● **TASK GOAL**:
Up to and including the line holding "Vintage Lauren Ralph", write out the data exactly from its first line, but not the pictures.

● **THE DATA**:
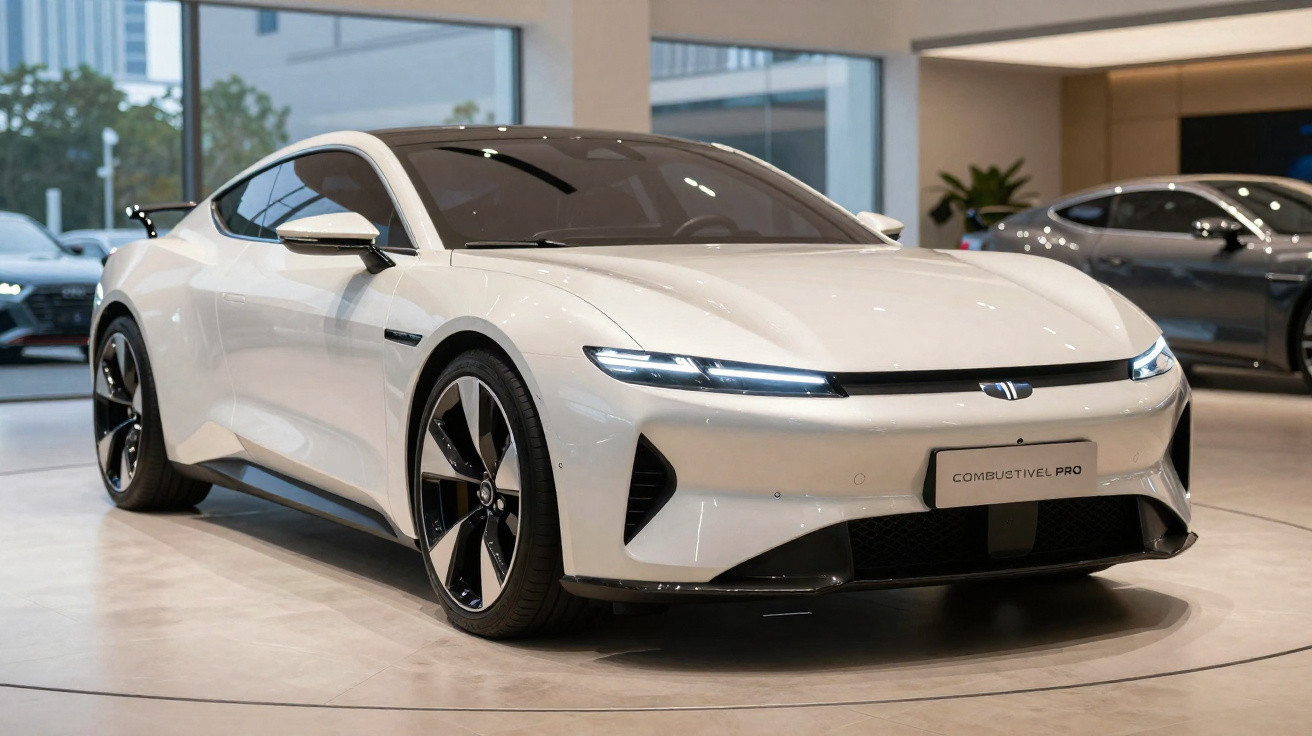 Carro esportivo elétrico branco, moderno, exibido em showroom com rodas pretas e prata.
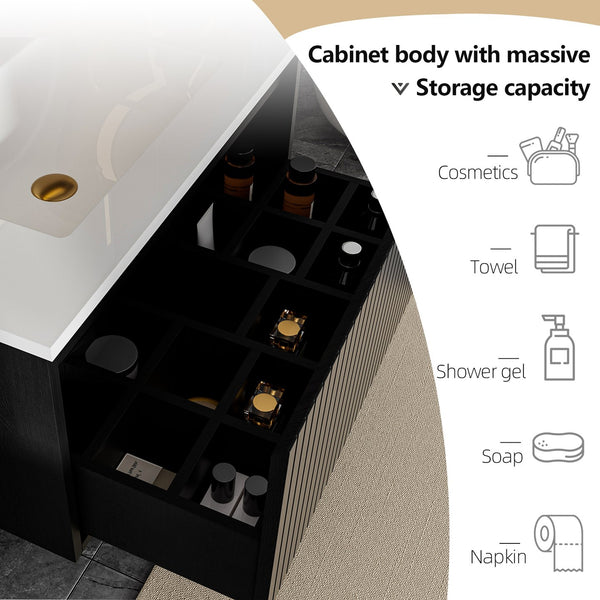 English Elm 30 Inch Bathroom Vanity with Sink — Floor-Standing Stability, Soft-Close Drawers, Ample Storage, Durable Finish Black 35.47 L x 21.85 W x 8.07 H W3520S00007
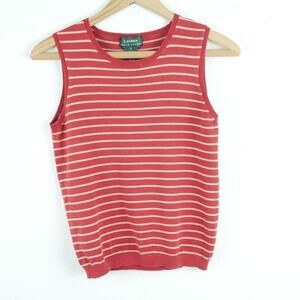 Vintage Lauren Ralph Lauren Small Silk Knit Tank Top Red Stripe Preppy Heritage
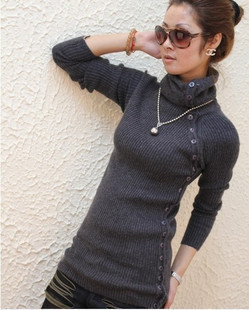 Free Shipping 2013 New Spring Autumn Sweet Elastic Long Design Slim Women's Sweaters Basic Shirt Sweater/Outerwear/Pullover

● **REPLY TO THE TASK**:
 Carro esportivo elétrico branco, moderno, exibido em showroom com rodas pretas e prata.
 English Elm 30 Inch Bathroom Vanity with Sink — Floor-Standing Stability, Soft-Close Drawers, Ample Storage, Durable Finish Black 35.47 L x 21.85 W x 8.07 H W3520S00007
 Vintage Lauren Ralph Lauren Small Silk Knit Tank Top Red Stripe Preppy Heritage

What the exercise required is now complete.